Chairman of the Joint Chiefs of Staff Gen. Mark Milley is defending reported phone calls he had with his Chinese counterpart.
In response to a report from a new book that he promised to give Chinese officials advanced notice if then-President Donald Trump ordered a strike in the waning days of his presidency, Milley did not deny that he held calls with Gen. Li Zuocheng of the People’s Liberation Army.
However, he told The Associated Press on Friday that they were “routine” and meant “to reassure both allies and adversaries in this case in order to ensure strategic stability.” He also said they were “perfectly within the duties and responsibilities” of his job.
He did not go into more detail but added, “I think it’s best that I reserve my comments on the record until I do that in front of the lawmakers who have the lawful responsibility to oversee the U.S. military.”
Milley said he would “go into any level of detail Congress wants to go into in a couple of weeks.”
His comments come after an excerpt of the new book “Peril” by Bob Woodward and Robert Costa of The Washington Post, revealed that Milley was so concerned that Trump would start a war with China that he contacted his Chinese counterpart to assure them that the U.S. could not conduct a strike.
As the Post reports, “In the book’s account, Milley went so far as to pledge he would alert his counterpart in the event of a U.S. attack, stressing the rapport they’d established through a backchannel. ‘General Li, you and I have known each other for now five years. If we’re going to attack, I’m going to call you ahead of time. It’s not going to be a surprise.’”
However, an unnamed defense official told Politico that the book’s description of the calls is “grossly mischaracterized.”
“The official said the calls were not out of the ordinary, and the chairman was not frantically trying to reassure his counterpart,” Politico reported.

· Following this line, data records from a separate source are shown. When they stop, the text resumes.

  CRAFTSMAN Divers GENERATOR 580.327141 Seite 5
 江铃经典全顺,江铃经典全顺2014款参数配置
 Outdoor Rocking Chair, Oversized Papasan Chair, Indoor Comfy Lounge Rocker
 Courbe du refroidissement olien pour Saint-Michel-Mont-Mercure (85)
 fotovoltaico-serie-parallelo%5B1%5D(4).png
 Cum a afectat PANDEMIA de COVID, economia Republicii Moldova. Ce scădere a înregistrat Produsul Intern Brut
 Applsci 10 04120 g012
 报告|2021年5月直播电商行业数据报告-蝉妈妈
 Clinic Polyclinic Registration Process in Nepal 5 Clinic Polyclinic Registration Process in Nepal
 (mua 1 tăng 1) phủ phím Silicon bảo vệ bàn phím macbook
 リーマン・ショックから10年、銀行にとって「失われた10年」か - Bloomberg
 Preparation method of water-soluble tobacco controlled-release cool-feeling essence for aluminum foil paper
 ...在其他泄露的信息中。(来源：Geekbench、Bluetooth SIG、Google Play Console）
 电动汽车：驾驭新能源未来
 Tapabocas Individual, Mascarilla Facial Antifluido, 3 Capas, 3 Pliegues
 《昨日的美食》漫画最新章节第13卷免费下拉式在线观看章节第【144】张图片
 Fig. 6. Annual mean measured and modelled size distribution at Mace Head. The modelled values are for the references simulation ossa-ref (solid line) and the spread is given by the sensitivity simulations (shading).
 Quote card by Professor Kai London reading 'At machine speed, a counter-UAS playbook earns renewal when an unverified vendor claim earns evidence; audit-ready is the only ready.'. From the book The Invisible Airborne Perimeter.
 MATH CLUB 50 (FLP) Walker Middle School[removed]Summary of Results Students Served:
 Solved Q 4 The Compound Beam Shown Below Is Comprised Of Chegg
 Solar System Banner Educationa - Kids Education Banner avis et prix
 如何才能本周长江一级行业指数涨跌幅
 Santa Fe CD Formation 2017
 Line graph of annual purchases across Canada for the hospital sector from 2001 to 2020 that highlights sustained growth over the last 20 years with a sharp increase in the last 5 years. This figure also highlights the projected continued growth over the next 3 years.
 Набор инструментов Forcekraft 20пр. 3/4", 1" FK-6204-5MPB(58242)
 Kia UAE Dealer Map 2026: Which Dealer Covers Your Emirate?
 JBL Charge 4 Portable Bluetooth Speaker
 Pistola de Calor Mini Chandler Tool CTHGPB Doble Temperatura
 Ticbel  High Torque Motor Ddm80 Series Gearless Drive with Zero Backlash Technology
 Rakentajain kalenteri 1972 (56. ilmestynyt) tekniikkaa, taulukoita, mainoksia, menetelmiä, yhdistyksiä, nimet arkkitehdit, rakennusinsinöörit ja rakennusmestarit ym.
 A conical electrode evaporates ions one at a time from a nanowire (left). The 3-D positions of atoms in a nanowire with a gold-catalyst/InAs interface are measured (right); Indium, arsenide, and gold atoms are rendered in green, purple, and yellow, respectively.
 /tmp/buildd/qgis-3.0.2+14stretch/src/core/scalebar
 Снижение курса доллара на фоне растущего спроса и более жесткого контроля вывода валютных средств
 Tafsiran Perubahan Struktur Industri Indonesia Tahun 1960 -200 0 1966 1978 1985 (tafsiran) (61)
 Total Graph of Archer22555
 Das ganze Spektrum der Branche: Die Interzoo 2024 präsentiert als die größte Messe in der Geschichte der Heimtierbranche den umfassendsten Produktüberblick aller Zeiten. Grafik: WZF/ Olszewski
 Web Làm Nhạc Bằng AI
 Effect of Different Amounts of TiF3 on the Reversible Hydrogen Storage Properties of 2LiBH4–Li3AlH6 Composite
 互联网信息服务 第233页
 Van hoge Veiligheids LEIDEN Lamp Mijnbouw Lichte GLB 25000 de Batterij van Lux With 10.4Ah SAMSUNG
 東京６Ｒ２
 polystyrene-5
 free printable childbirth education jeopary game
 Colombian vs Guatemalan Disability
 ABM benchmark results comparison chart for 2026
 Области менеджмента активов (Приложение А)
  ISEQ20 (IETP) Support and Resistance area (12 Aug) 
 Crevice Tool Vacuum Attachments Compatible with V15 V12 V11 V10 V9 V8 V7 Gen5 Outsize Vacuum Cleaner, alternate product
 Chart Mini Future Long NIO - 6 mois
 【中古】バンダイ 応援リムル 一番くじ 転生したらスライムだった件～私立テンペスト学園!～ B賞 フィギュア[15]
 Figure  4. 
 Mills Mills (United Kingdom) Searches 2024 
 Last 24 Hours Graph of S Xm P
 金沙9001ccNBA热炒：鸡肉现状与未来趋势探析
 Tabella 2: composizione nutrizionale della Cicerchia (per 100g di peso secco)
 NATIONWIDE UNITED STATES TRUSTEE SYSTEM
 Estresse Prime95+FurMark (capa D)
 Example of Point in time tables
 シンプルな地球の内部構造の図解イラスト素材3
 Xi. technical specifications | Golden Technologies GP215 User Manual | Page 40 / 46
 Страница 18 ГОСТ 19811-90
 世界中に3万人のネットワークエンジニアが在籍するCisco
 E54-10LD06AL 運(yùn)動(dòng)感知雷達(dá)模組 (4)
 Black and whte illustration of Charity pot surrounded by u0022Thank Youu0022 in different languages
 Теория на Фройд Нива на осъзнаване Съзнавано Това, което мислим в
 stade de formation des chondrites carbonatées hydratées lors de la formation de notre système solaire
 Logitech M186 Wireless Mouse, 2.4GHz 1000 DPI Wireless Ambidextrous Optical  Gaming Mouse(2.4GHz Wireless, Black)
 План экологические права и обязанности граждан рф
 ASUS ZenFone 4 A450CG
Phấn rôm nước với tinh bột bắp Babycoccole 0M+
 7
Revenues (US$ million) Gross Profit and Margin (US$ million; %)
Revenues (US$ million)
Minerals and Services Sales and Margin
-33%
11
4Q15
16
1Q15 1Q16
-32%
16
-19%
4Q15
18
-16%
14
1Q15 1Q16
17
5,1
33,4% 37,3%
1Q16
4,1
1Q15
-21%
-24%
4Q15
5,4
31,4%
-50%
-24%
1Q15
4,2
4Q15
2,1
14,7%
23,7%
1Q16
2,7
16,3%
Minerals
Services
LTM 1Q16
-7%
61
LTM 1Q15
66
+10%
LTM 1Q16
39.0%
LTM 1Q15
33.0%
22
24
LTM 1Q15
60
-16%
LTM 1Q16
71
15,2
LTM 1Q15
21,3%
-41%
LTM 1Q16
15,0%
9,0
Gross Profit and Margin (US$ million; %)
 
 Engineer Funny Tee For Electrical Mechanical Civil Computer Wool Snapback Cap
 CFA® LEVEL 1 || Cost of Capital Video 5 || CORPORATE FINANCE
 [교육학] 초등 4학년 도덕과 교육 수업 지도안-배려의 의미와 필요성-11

The outlet also reports that Milley asked permission to then-acting Defense Secretary Christopher Miller to make the calls.
Miller told Politico, “Looking back, I imagine there was a perfunctory exchange between us and our staffs about coordinating phone calls and messages for the day.”
“I don’t recall the specifics and it certainly wasn’t in a detailed or more formal way. It was more perfunctory/routine,” he added.
Still, Woodward and Costa told Politico they stand by their reporting.